Playful stuff like “Jeez, the Heat, more like the Cold, bwahahaha….” and “Pac-10, haha, more like too-much-talking-smack-10 bites you in the ass 10…” turns into weird outta’ insane left field stuff like, “Bunch a’ damn Commies making those little girls do that just for a Gold medal…” Too much patriotism gets fired up, too much sexism, racism, homophobia, and all kinds of hatred just runs rampant on the comment pages. The moderators seem to be ineffective at best. “FANS,” as I call them, fanatics that only enjoy the sport when their team or player is playing and ONLY if their team wins and ONLY if the battle doesn’t have any “damn referees blind as bats” judging the action, “FANS” will throw out the most egregious stats, stats they pulled outta’ their asses just to defend their patriotic racism and/or geocentric fanaticism against their perceived enemies.
Oh, the enemies that a tennis ranking system can cause or a football bowl invitation can make. I grew up in Alabama, a University of Alabama fan through and through, so I certainly know about sports rivalries. I hate Auburn; the hatred of Auburn was passed on to me by my parents, the community I grew up in, and by my peers. I barely even know why I hate Auburn; I just do. It’s not even something I think about; it’s just something that is.
(Wow, I guess all hatred is like that.)
Why? Why am I so negative about Auburn? Where does this hatred come from? Where does that negativity get me? I’ve been getting to know my sister-in-law’s sister, Stacey, these last many months—she’s as much an Auburn supporter as I am a Bama one; however, we just agreed to disagree at the beginning about our specific teams, and we just don’t talk for a few weeks out of the year around Iron Bowl time. We bonded further by simply looking at the bigger picture—we both fervently agreed that the SEC, the SouthEastern Conference, is the ONLY conference of college teams worth supporting, which is a courageous feat indeed as we both are SEC’ers stranded in the middle of the Pac-10 portion of the U.S. now. “Pac-10,” ouch, even typing it out makes my fingers hurt and feel drained of any power at all.
Stepping back from our two specific teams and looking at the bigger picture, the bigger conference that they both play in, in this case has helped us both become more positive.
Let me try to demonstrate the Power of Positivity by using women’s tennis as an example since some of you may not be into the latest rivalries or issues since the Golden Age days of the Women’s Tennis's Chrissie/Martina rivalry with all its negative aspects—commies vs. capitalists, East vs. West, straight vs. gay that ultimately all morphed into a big positive aspect—two friends who were supremely trained and talented driving each other to extreme athletic perfection to fight the great fight. I only do this because I’m into it but realize that most friends I talk sports with are not and not out of any sexism, racism, or patriotism or any other –isms I’m aware of on my part. That way, presumably, most readers of this blog will not have great feelings one way or the other, so maybe they will then be able to make the big step at the end, stepping out away from the negative commentary to see the big positive picture.

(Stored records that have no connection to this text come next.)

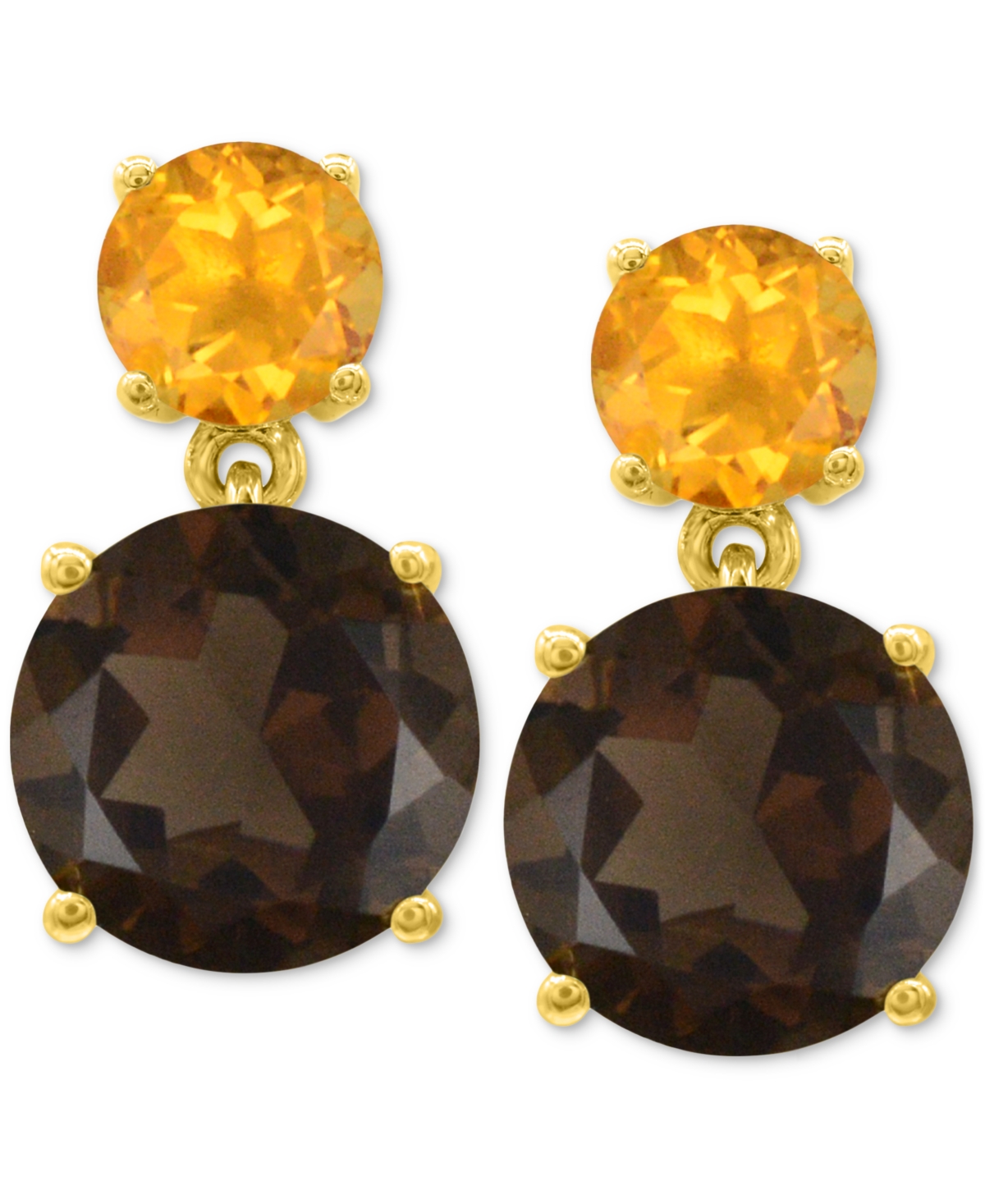 Macy's Rose De France 5-5/8 Ct. T W. And Amethyst 1-1/3 Ct. T.w.drop Earrings In 14k Gold-plated Sterling S In Yellow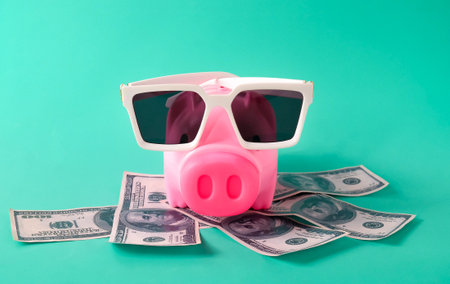 piggy bank with sun glasses over US bank note ,Vocation concept.の写真素材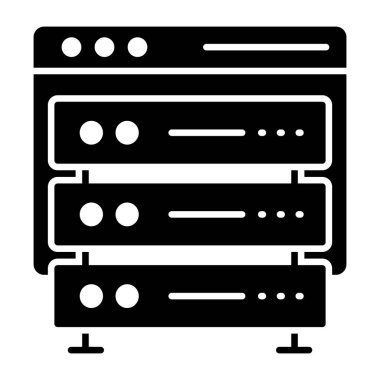 Çevrimiçi sunucu rafının modern tasarım simgesi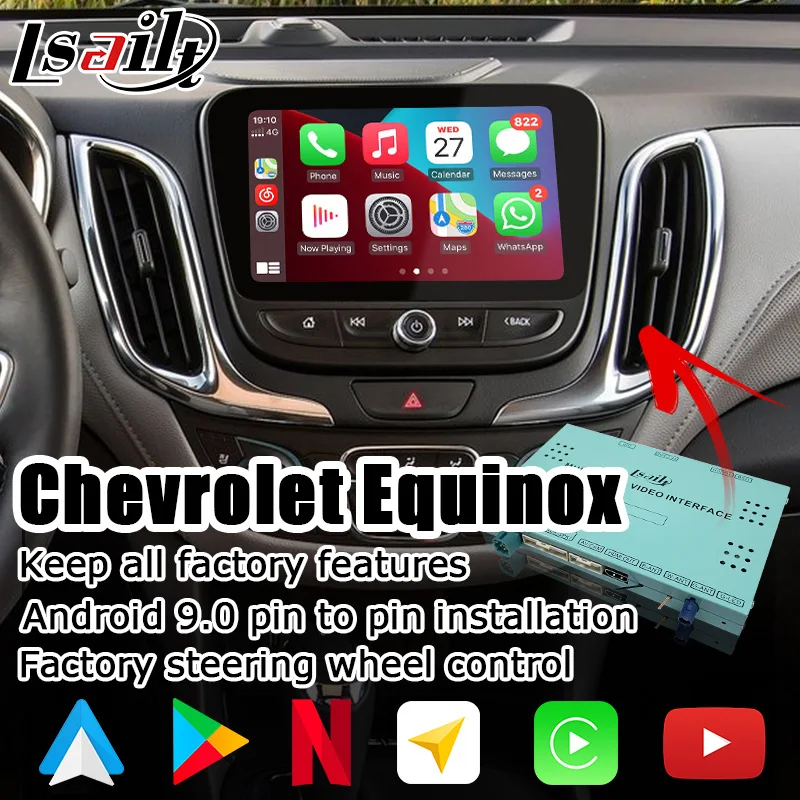 Android / carplay интерфейс коробка для Chevrolet Equinox 2016-2018 GPS навигация видео mylink CUE система
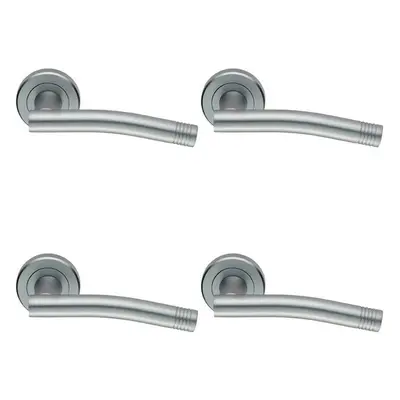 4x PAIR Round Bar Handle with Arch Concealed Fix Round Rose Satin Chrome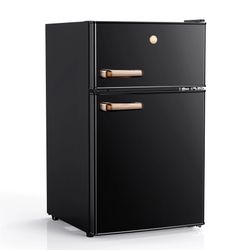JOY Kitchen 3.1-cu ft Mini Fridge Freezer  Black Rose Gold ENERGY STAR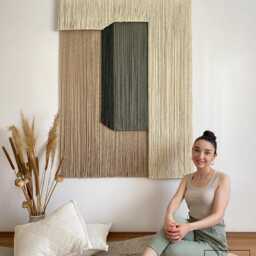 "Contemporary Fiber Wall Art, Extra Large Layered Macrame Hanging, Sage Green Textile Tapestry, Luxury Yarn Decor, Artwork ""Monolith" - thumbnail 2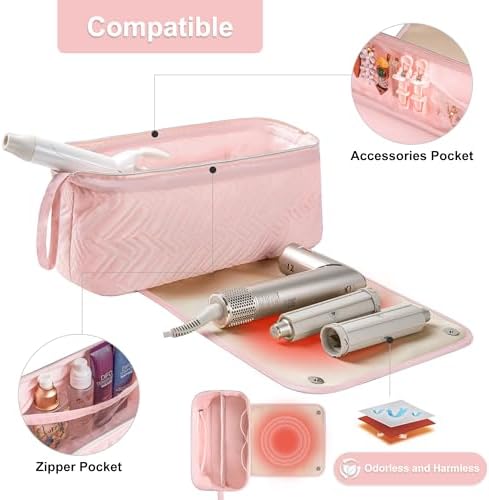 Leuded Hair Tools Travel Bag with Heat Resistant Mat for Shark Airwrap - Image 3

Let’s focus on a burgeoning tennis rivalry, the two most recent number-one-ranked players, Serena Williams and Dinara Safina. The two tennis stars have both been out for the last few months with injuries, but both will return to the tennis tour over the next several days and will perhaps get a chance to renew their new rivalry and perhaps renew all the commentary about who really is the true number one player.
When Dinara was # 1, many complained because Serena was arguably the more talented player with bigger career wins and accomplishments. When Serena was # 1, some complained because she only played the big tournaments and didn’t show up to fight for the smaller titles like Dinara did.
The stories and comments grew though from stories about two talented athletes fighting for positive wins into negative stories about Russians vs. Americans, black vs. white, and East vs. West and the silly like. Negative, negative, negative…
You know, to be the current number-one, Serena Williams obviously ignores as much negativity as she can, her own and outside negativity, and uses positivity to win; so does current number-three-ranked Dinara Safina. Both could probably use even more positivity (view Serena's 2009 semifinal U.S. Open footfault-gate and a veritable smorgasbord of smashed-racquet videos starring Dinara on Youtube for examples of their negativity). But, you know, we could all use a bit more positivity. Certainly, the commenters on the sports boards at Yahoo! and ESPN could certainly stand a bit more positivity; there are too many folks there that need to step back and look at the big picture. Who can help them do that to help rid all of us of their vitriolic, insane negative comments and relieve us of their made-up statistics and protect us from their “FAN”atic attacks? I'll answer that call... (Get ready for a heapin’ helpin’ of positivity and probably just a tad too much self-involved nostalgia…!)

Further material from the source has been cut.